◆ **Requirement**: Within the records below, repeat each line exactly but keep every picture out of the copy.

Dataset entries
= = = = =
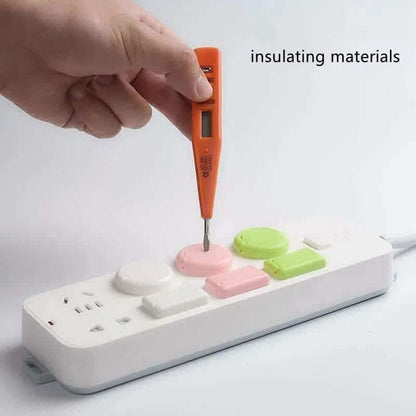 10 Pcs Baby Safety Socket Cover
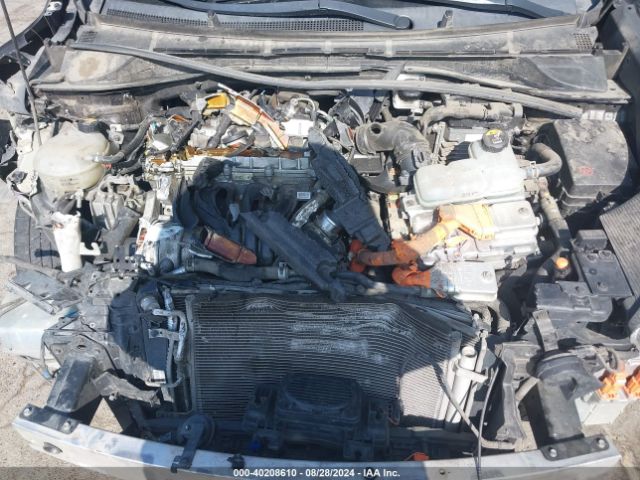 KNDCD3LD4J5161604 KIA Niro Plug-in Hybrid Ex
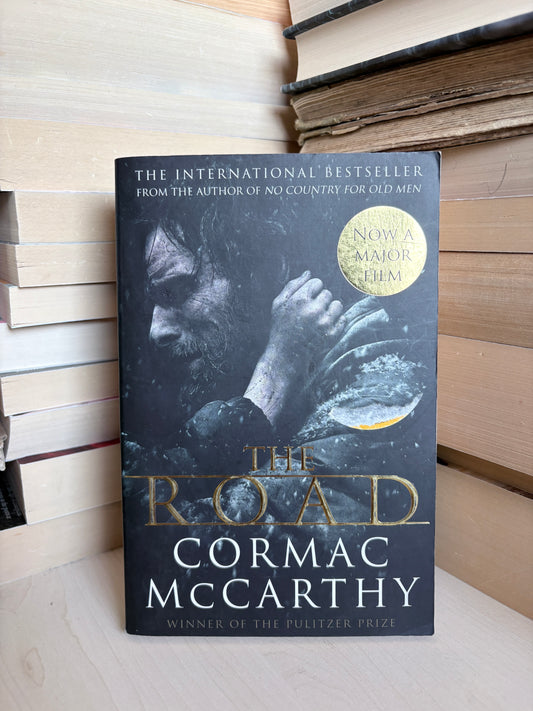 Cormac McCarthy - The Road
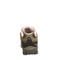 Bearpaw OLYMPUS Women's Hikers - 2383W - Natural - back view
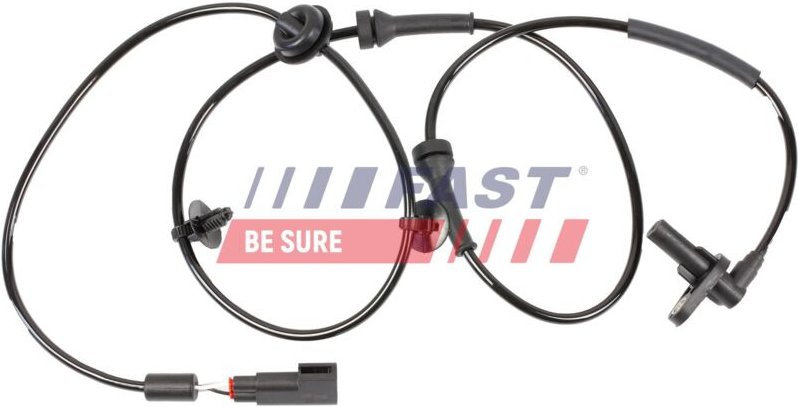 Abs-Sensor Ft80538 Schnell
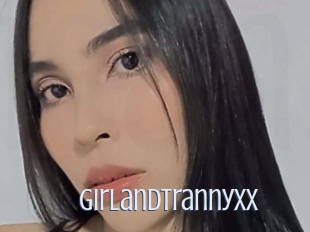 Girlandtrannyxx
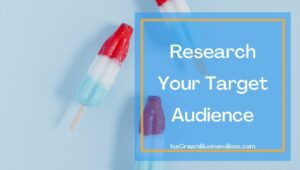 Three Ways to Brand Your Ice Cream Shop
= = = = =
◆ **Output of the task**:
 10 Pcs Baby Safety Socket Cover
 KNDCD3LD4J5161604 KIA Niro Plug-in Hybrid Ex
 Cormac McCarthy - The Road
 Bearpaw OLYMPUS Women's Hikers - 2383W - Natural - back view
 Abs-Sensor Ft80538 Schnell
 Girlandtrannyxx
 Three Ways to Brand Your Ice Cream Shop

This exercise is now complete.